Hilltop duplex project gets height 'relief,' will demolish house from 1905
Construction on the ¾-acre site at 2226 Glenn could start within about two months, according to Scott Schuster of Echo Architecture, the project designer for what's being called Glenn Heights.
However, a for-sale sign was recently placed on the site, and Schuster clarified that's because the property owner - Richard Hoag of Louisville, Colorado - wants to see if selling is a better option, now that the project plans have been approved.
One building is on the site now. It's a one-story house, built in 1905, according to the County Assessor's website. It is vacant and will be demolished for the project, Schuster said.
(For an idea of the location and the Glenn Heights plan, see the photo at the top of this page and the drawing at left.)
The Glenn property is surrounded by single-family homes to the north, west and east - while south of it, on the other side of the cul-de-sac, is the two-to-three-story, 80-unit Stepping Stones condominium site.
“Due to its diversity, the existing neighborhood lends itself to additional, responsible, attached or detached residential housing and will absorb infill housing units without adverse impact,” reads the Project Statement that Hoag included with his plan application to the city about a year ago.
The Glenn Heights size meets the density regulations for the residential (R-2) zone it's in. However, an “administrative relief” decision was needed from staff to let the two units in one duplex building stand nearly 3 feet above the zone's 30-foot height limit.
Hannah Van Nimwegen, the city planner assigned to the project, explained in e-mail exchanges that staff uses specific criteria in determining any kind of administrative relief. For Glenn Heights, based on an "averaging" formula which is part of that criteria, the building height "is in line with" what's "permitted by right in the zone district," she summarized.
The submittal by Hoag (through Echo Architecture) also asked for approval of a preliminary and final plat, which legally defines the layout of the lots and where buildings will be placed on them. Van Nimwegen approved these too. The process included consideration of unique drainage and access issues and the demoliton of the old house.
Glenn Street runs between 19th Street at its east end and 23rd Street at its west end.

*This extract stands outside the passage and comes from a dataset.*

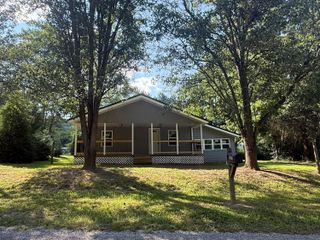237 Higglentown Road, Pikeville, TN 37367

Glenn's high point is at a cul-de-sac type of layout at the driveway into Stepping Stones.
Connecting to 23rd Street and passing just north of the duplex property is a narrow dirt path. According to Van Nimwegen, before anyone can live in the duplexes, this "private drive," as it's called in the plans, will need to be upgraded in two ways, These are:
- To carry stormwater coming down the hill above the property over to 23rd Street.
- To allow two-way access from 23rd to two of the duplexes. "The Fire Department reviewed the roadway during the review of the preliminary and final plat, and will review specifics when the applicant submits their construction plans for approval," the planner said.
Going forward, the private drive must be maintained by Hoag (or whoever owns that property in the future), acccording to a legal easement that allows the access. It was signed last year by two property owners on either side of the drive.
The other two duplexes in the project will face toward Glenn and be accessed from that street, plans show.
For parking, each duplex building has a “garage and driveway space,” Van Nimwegen said, adding that off-street parking is available nearby, though not in the cul-de-sac.
The Glenn Heights duplexes' exterior design will differ from that of nearby homes - most of them built in the 1970s and '80s - in terms of a boxier appearance and the use of metal siding. Asked about this contrast, Van Nimwegen replied that “City Planning staff does not regulate architecture beyond height and the historic preservation overlay area, and the City of Colorado Springs does not have a design review board."
She added that "the opportunity for review was during the review of the project following the initial public notification. Staff only received a couple of letters of concern following the notification of the preliminary and final plat application and of the administrative relief application, and none of the concerns were regarding the building's architectural style.”